Zur Amtsblatt-Affäre
Leserbrief. Die älteren Leser werden mir bescheinigen, dass ich nicht der Nähe zu Nazi-Verharmlosern verdächtig bin. Ich habe Veranstaltungen für das Gedenken an die Weiße Rose organisiert und gestaltet und zehn Jahre sehr aktiv in der Hildburghausener Friedensinitiative gegen unsere Kriegswirtschaft und für die Demokratisierung unseres Landes gestritten.
Aus dem Altenteil heraus melde ich mich nun auch zu dem Fall, weil meine Gesinnungsgenossen wohl auch müde geworden sind. Aufgepasst: Ich beteilige mich nicht am Obst-Bashing, sondern wende mich gegen dieses Getue. Mit den meisten geäußerten Einschätzungen und Argumenten stimme ich überein, aber ich misstraue dem Shitstorm trotzdem. Sind es diejenigen, die am meisten unter der Politik des Bürgermeisters gelitten haben? Sind es die, die sich an den bisherigen, und durchaus bedeutenderen politischen Skandalen der letzten Jahre entsetzten? Wer beteiligt sich denn an der Steinigung unseres vergleichsweise harmlosen Kommunalpolitikers?
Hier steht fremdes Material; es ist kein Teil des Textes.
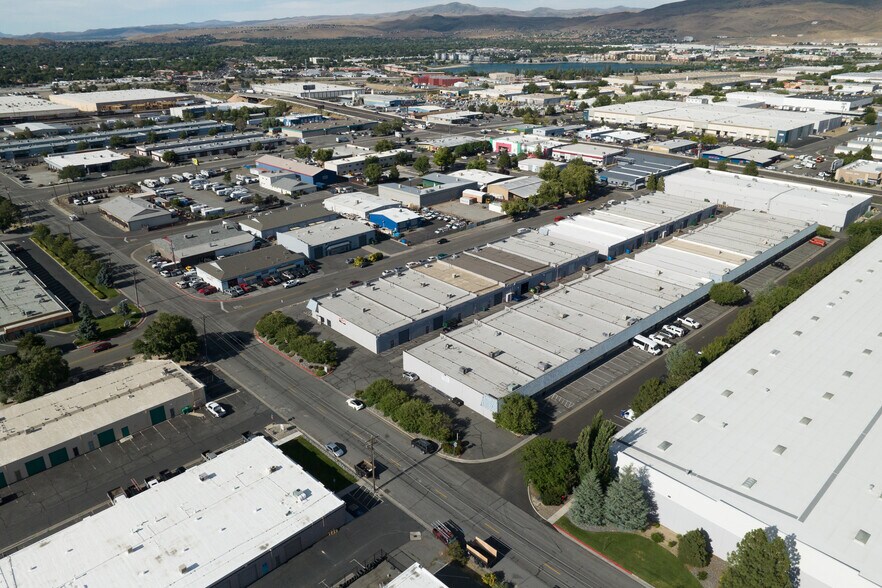 27 E Freeport Blvd, Sparks, NV à louer - Photo du bâtiment - Image 2 de 12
Viele Namen sind mir verdächtig. Bodo Ramelow, nicht gerade als konsequenter Friedenspolitiker bekannt – benutzt er den Fall, um sich von seinem rechten Linksparteiflügel aus gegen die CDU zu profilieren? Denn zur Verbreitung der geäußerten Meinung ist er wahrlich nicht nötig. Sie weicht nicht vom Mainstream ab. Gleiches gilt für einige lokale Leserbriefschreiber, von denen man lange keine politische Äußerung vernommen hat und deren Namen ich hier nicht aufzählen muss. Muss da vielleicht hier ein verblasster linksanarchistischer Ruf aufpoliert und dort eine neudemokratische Umerziehung bestätigt werden?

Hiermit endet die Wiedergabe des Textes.